In 1975, Sweden gave the right to vote in local elections to foreigners from countries within the Nordic Council. Denmark allowed the same right in 1977, followed by Norway in 1978 and Finland in 1981. In 1986, Iceland also granted members of the Nordic Council the right to vote in local elections but only after 3 years of residence in the country. Therefore, Icelandic citizens were given the right to vote in local elections in all other countries who were part of the Nordic Council by 1981, providing its citizens with some political rights if they emigrated to these countries, even if they had not become citizens. Also after, three years, non-citizens in Iceland could vote if they came from a Nordic Country.

==Membership of the European Union==
Since May 2006, Iceland has opened its borders to workers that are part of the European Union, who are now able to enter Iceland without the need of a work permit. These workers are permitted to stay in Iceland for six months while looking for a job but once a job is found, the employer must inform the Directorate of Labour of the employment of a foreigner. Because of this policy, the population of foreigners in Iceland has risen from 1.4% in 1985 to almost 7% in 2006.

These workers are paid the same as the Icelandic population in jobs with fixed rates, but in jobs such as trades, they are commonly paid less. These foreigners are mostly males looking for employment, and 64% of the recent immigrants work in construction.

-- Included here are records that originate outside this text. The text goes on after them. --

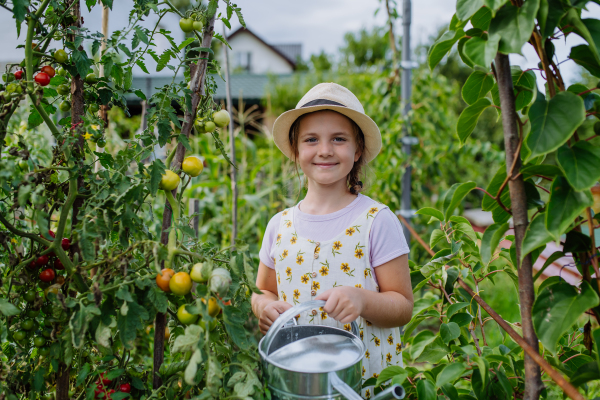 Portrait of a cute young girl watering plants with watering can in a field.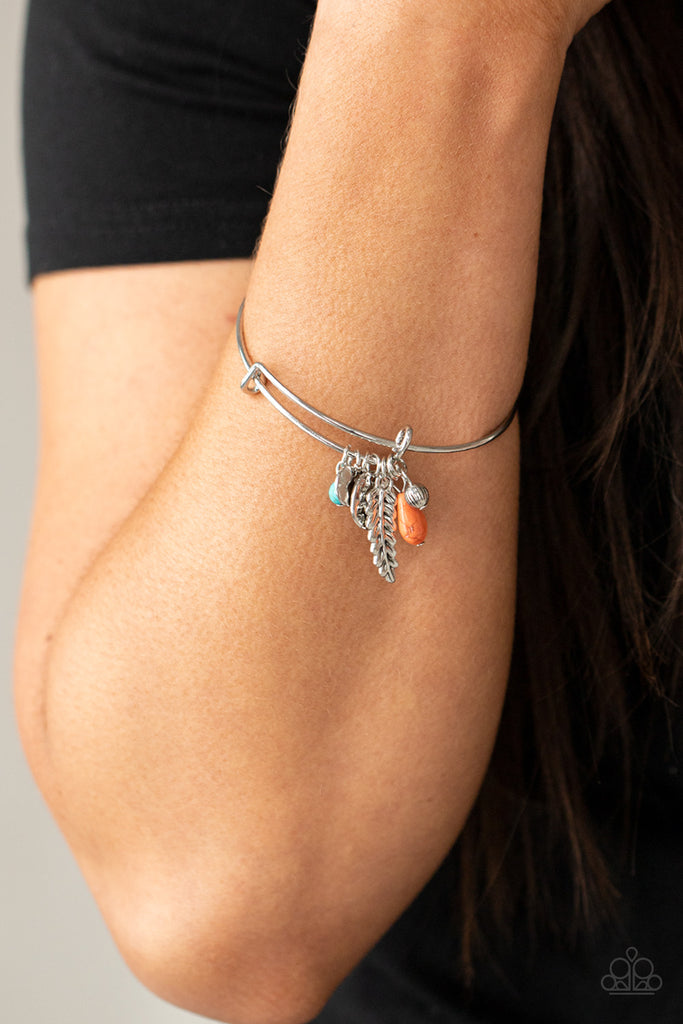 Featuring a shimmery silver feather charm, ornate silver beads and earthy stone beads glide along the fitted center of a dainty silver bangle for a whimsically charming look.  Sold as one individual bracelet.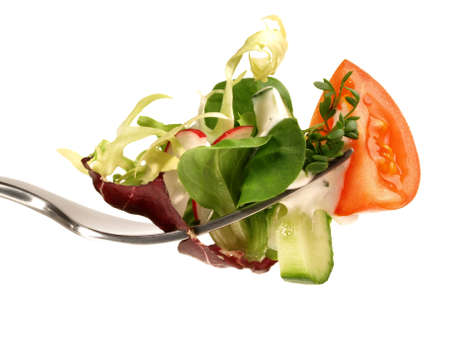 Mixed salad on a fork isolated on white backgroundの写真素材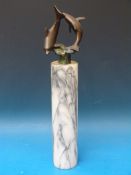 A pair of spelter dolphins on a marble p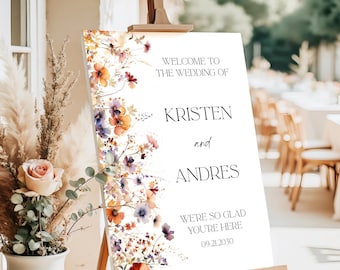 Pode incluir: Uma placa de boas-vindas de casamento branca em um cavalete de madeira. A placa apresenta obras de arte florais em tons de laranja, roxo e rosa. O texto diz: "Bem-vindos ao casamento de Kristen e Andres. Ficamos felizes que você esteja aqui. 09.21.2030."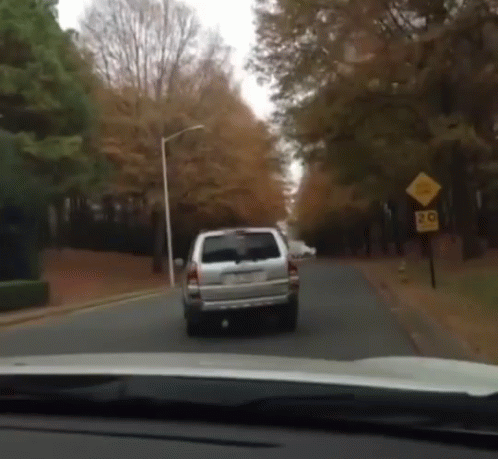 White SUV Driving Down Road With 20 Sign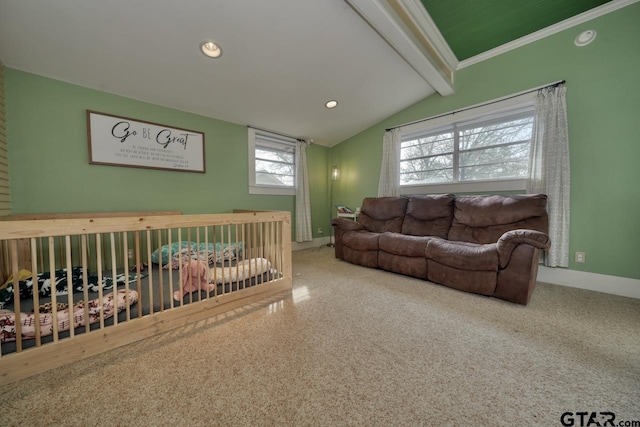 bedroom with lofted ceiling with beams and ornamental molding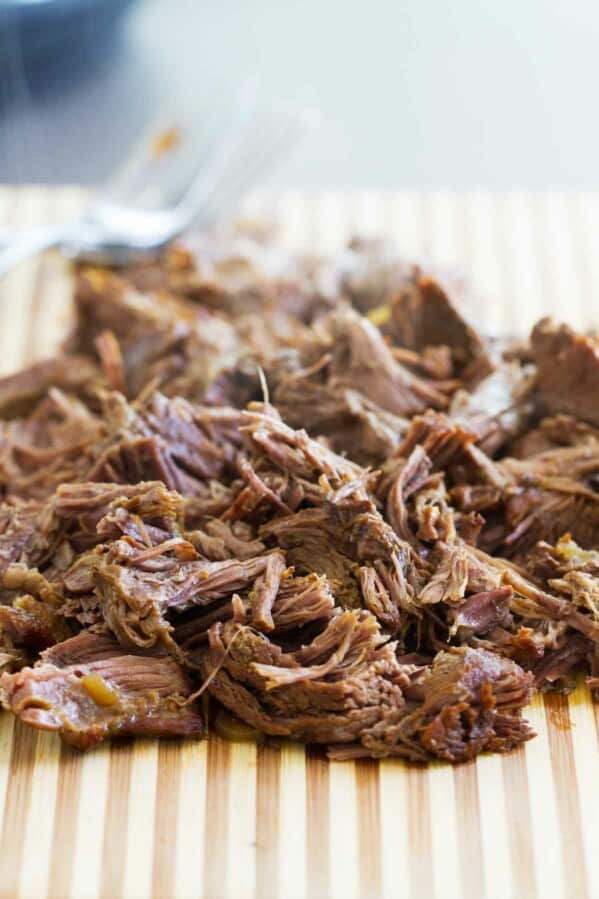 barbacoa beef on a cutting board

Preference is given to EU members over non-Europeans and therefore it is more difficult for non-Europeans to find work in Iceland as employers must prove that the job was advertised in the EU before a work permit can be given to a non-European. This causes a problems for non-Europeans already residing in Iceland, who are faced with more difficulty when attempting to bring family into the country. Non-Europeans must find jobs for their family members before they would be allowed to enter the country, and since preference is given to members of the European Union, finding jobs becomes more problematic.

== Passports and visas ==
Nordic Country members do not require any form of travel document or work permit to enter the country and are also provided the right to remain in Iceland for more than six months by providing a Nordic change of residence certificate.

Citizens of countries from the EU also do not require a visa and are able to stay in Iceland for six months while looking for work. They must prove, however, that they have the means to support themselves while looking for work in the country or while studying.

Members of countries outside the EU and Nordic Countries, however, require a passport to enter the country, and if they intend to find employment they also require a visa. When applying for residence the person must provide proof that they have health insurance and have the means to support themselves, as well as proof of a place of residence for their stay in Iceland. They must also provide their criminal record, proving they are not a criminal, before they will be permitted in the country. It is, therefore, more difficult for members outside the EU and the Nordic countries to gain entrance into Iceland.